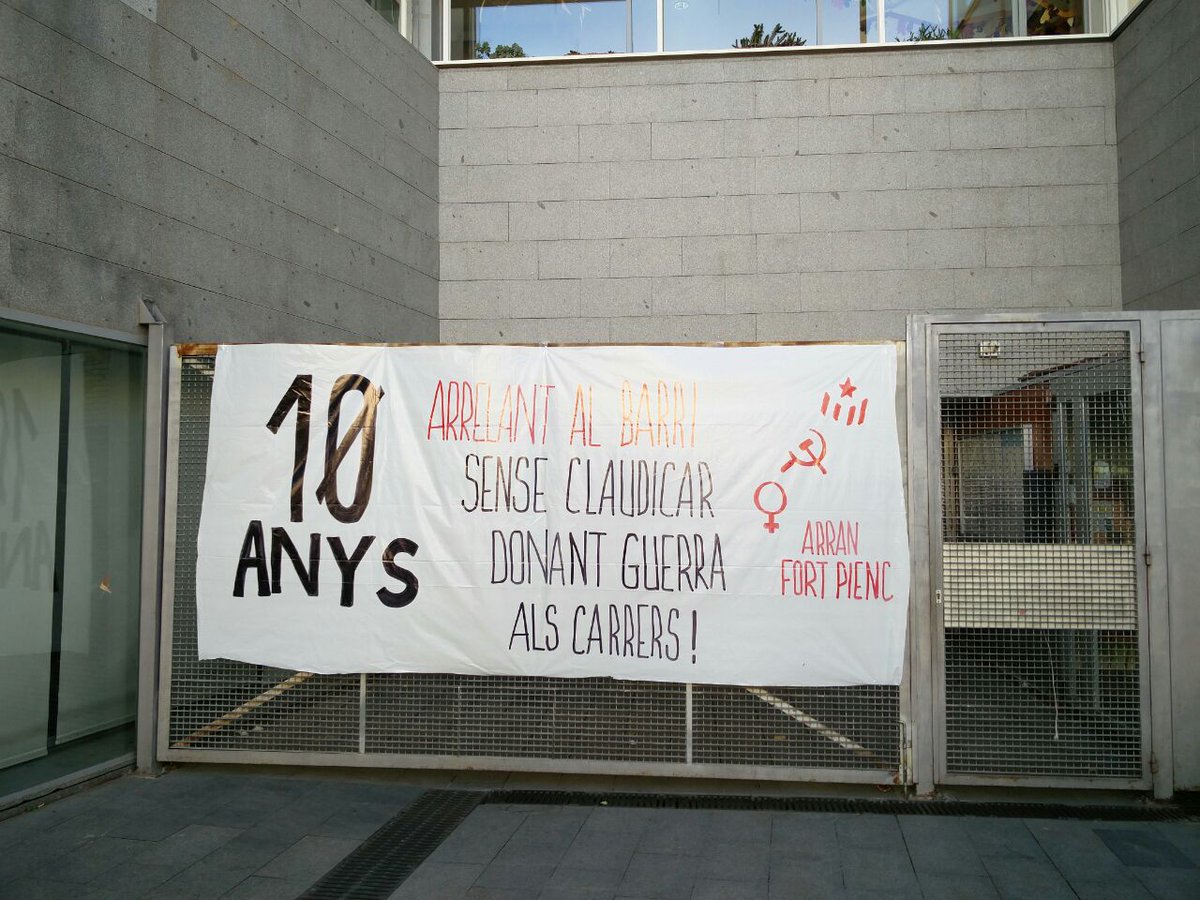 CUPEixample's tweet photo. Avui celebrem els 10 anys d'organització juvenil al Fort Pienc. 10 anys arrelant al barri sense claudicar i donant guerra als carrers. @ArranFortPienc https://t.co/DSgdMYYiRX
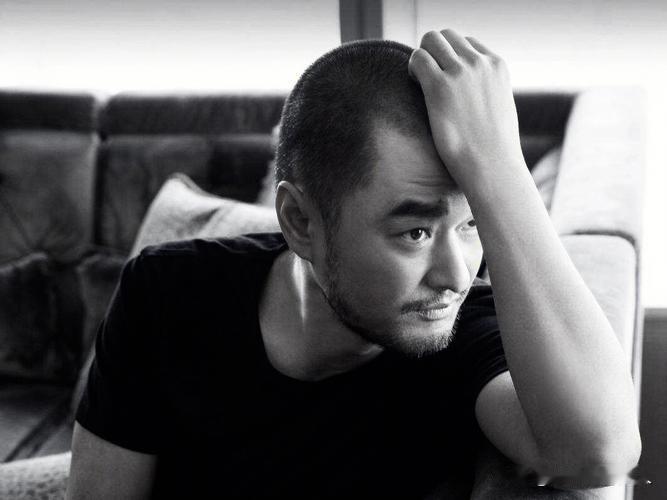 冯唐说:“女人之所以过的不好，很大程度上是因为她在跟全世界较劲，跟自己、跟伴侣、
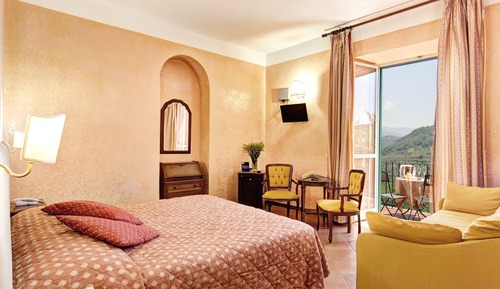 Villa, balcón, en edificio anexo (Romita)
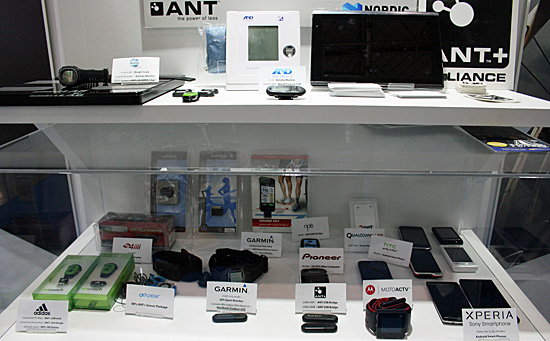 ANT対応機器群。心拍計や血圧計、スマートフォンなどでの採用が進んでいる
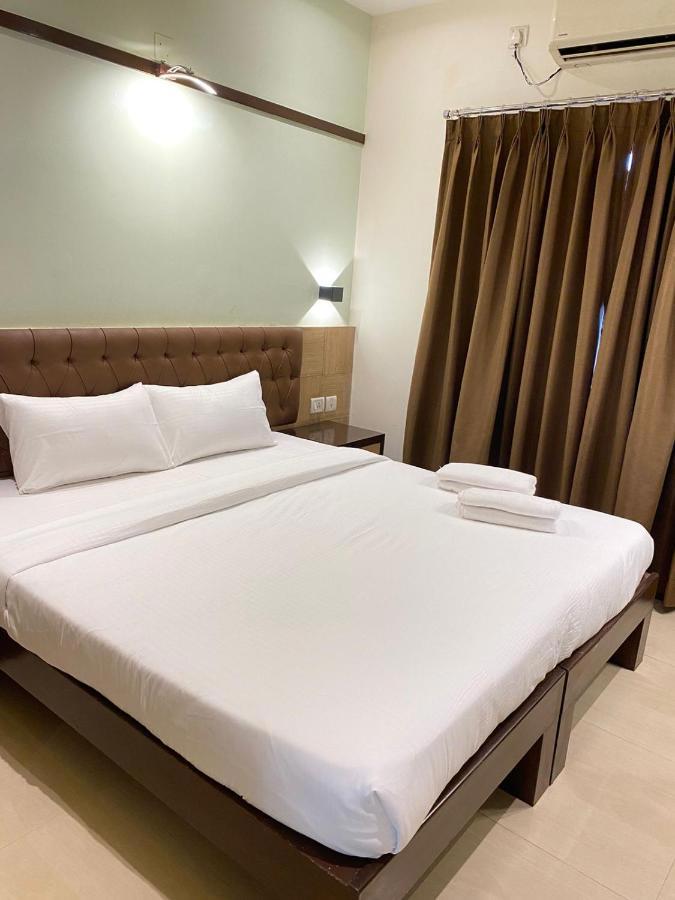 Hotel Plaza Heights
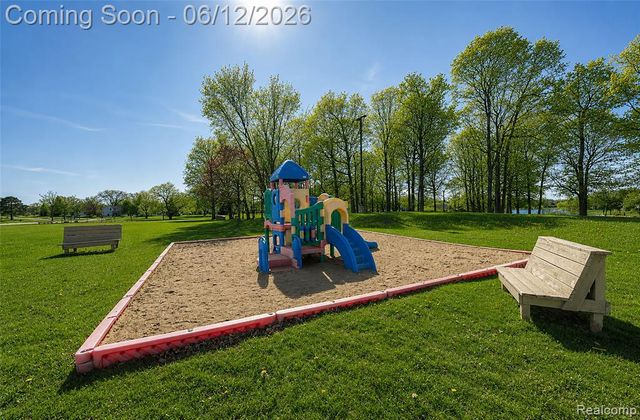 22727 Cortes Street, Novi, MI 48375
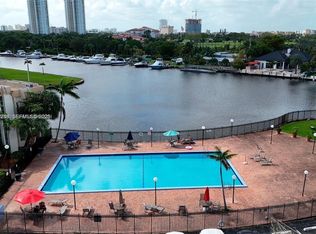 2000 Atlantic Shores Blvd APT 420, Hallandale Beach, FL 33009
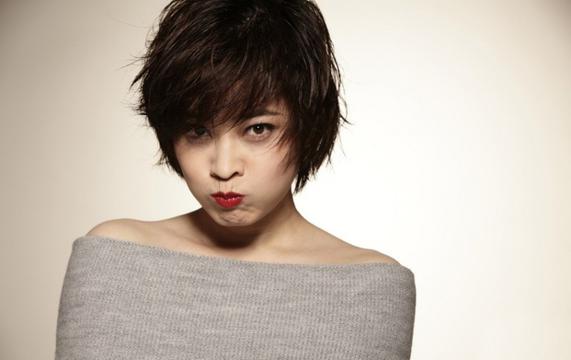 短发梅婷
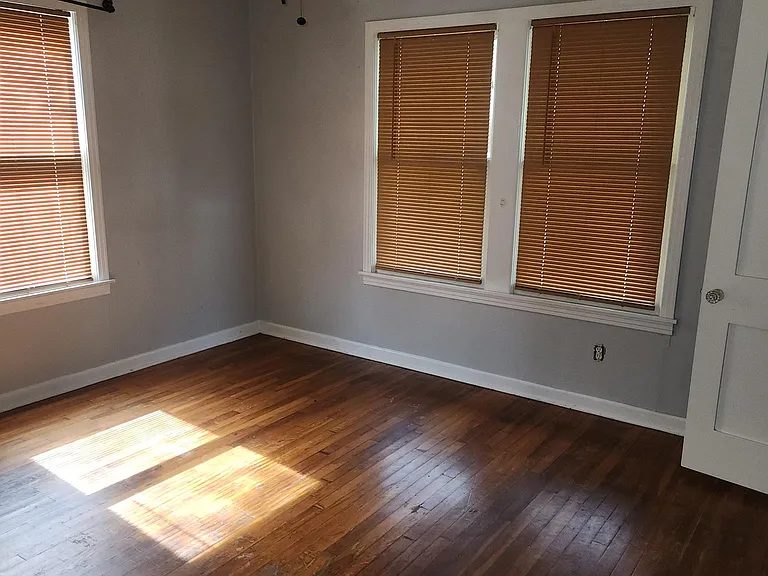 926 Cross St — Photo 10
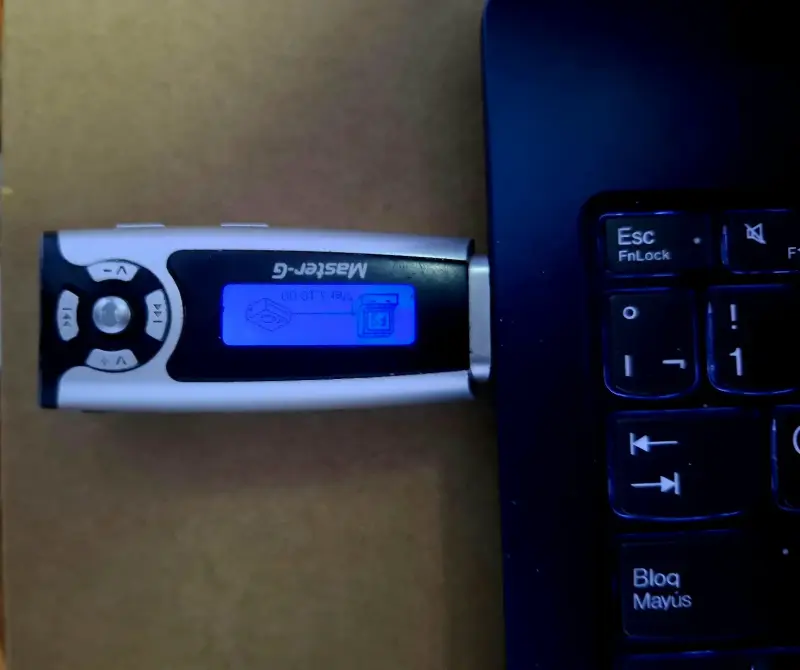 Reproductor MP3 USB Master-G portátil - 3
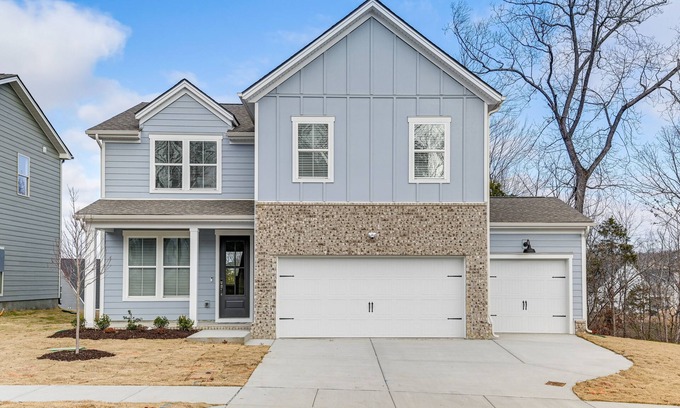 Antioch Casa | Spacious Antioch Home w/ Deck: 17 Mi to Nashville!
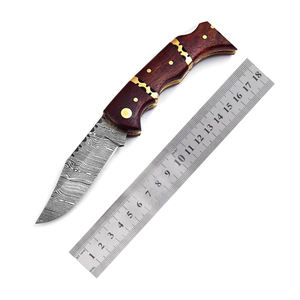 Cuchillo plegable para acampar de Damasco hecho a medida, cuchillo de bolsillo multifuncional portátil de Damasco con mango personalizado disponible - Product Image 1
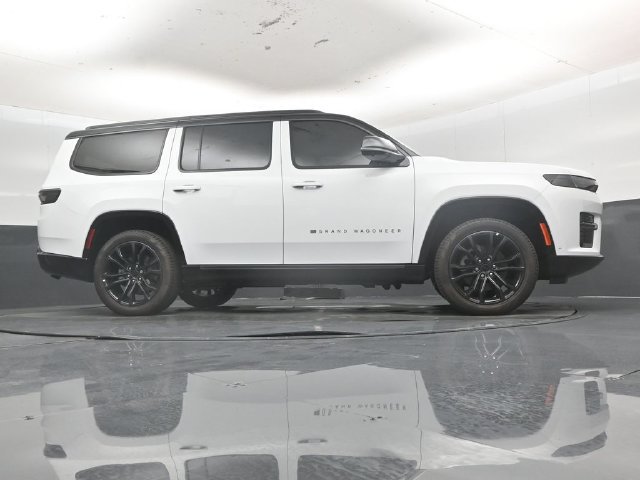 New 2026 Jeep Grand Wagoneer Summit w/ Rear Seat Video Group I AWD/4WD image 53
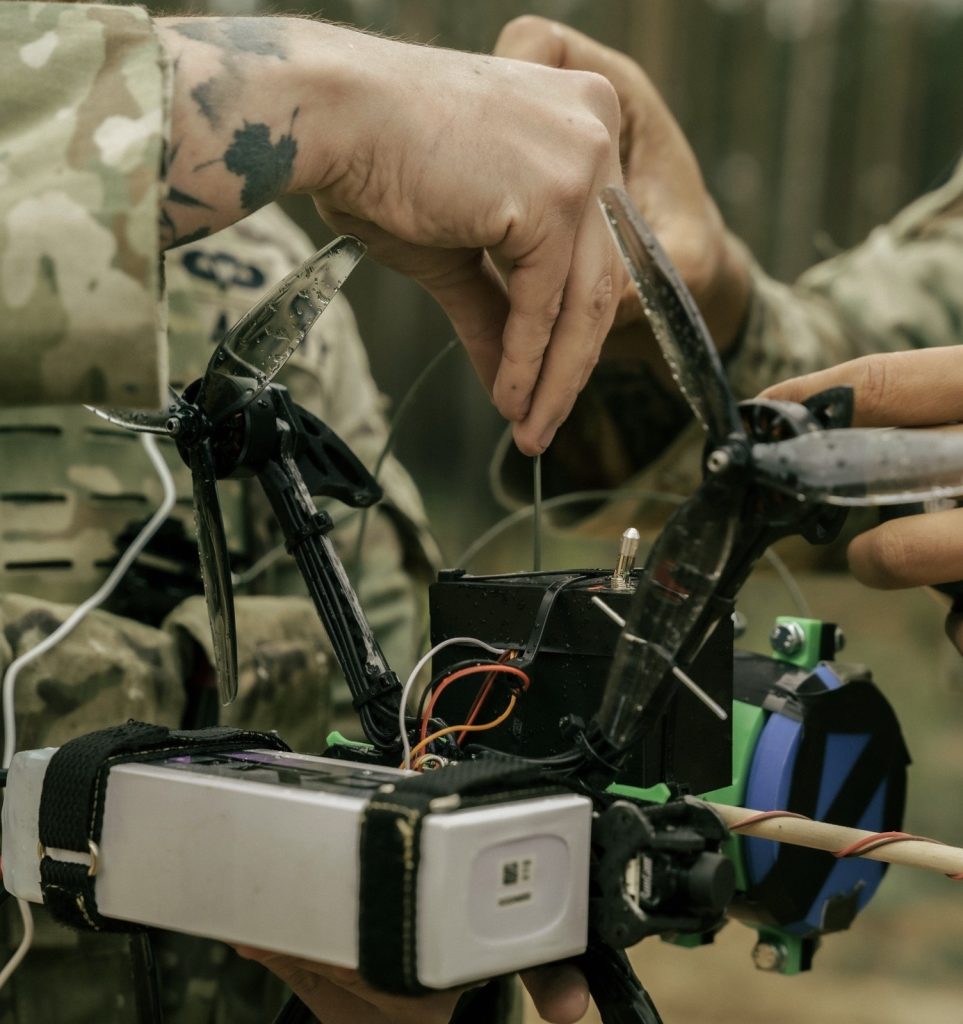 Fallschirmjäger der 173. Luftlandebrigade der US-Armee bereiten sich darauf vor, im Rahmen einer gemeinsamen Operation zum gewaltsamen Eindringen im Rahmen von Swift Response 2025 auf dem Truppenübungsplatz Pabradė in Litauen eine scharfe First Person View (FPV)-Drohne zu bedienen und zu zünden.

--

**Exercise details:** Everything between and including the line above containing "2000 Atlantic Shores" and the line containing "New 2026 Jeep" should be reproduced exactly, with pictures excluded.

**Expected answer:**
 2000 Atlantic Shores Blvd APT 420, Hallandale Beach, FL 33009
 短发梅婷
 926 Cross St — Photo 10
 Reproductor MP3 USB Master-G portátil - 3
 Antioch Casa | Spacious Antioch Home w/ Deck: 17 Mi to Nashville!
 Cuchillo plegable para acampar de Damasco hecho a medida, cuchillo de bolsillo multifuncional portátil de Damasco con mango personalizado disponible - Product Image 1
 New 2026 Jeep Grand Wagoneer Summit w/ Rear Seat Video Group I AWD/4WD image 53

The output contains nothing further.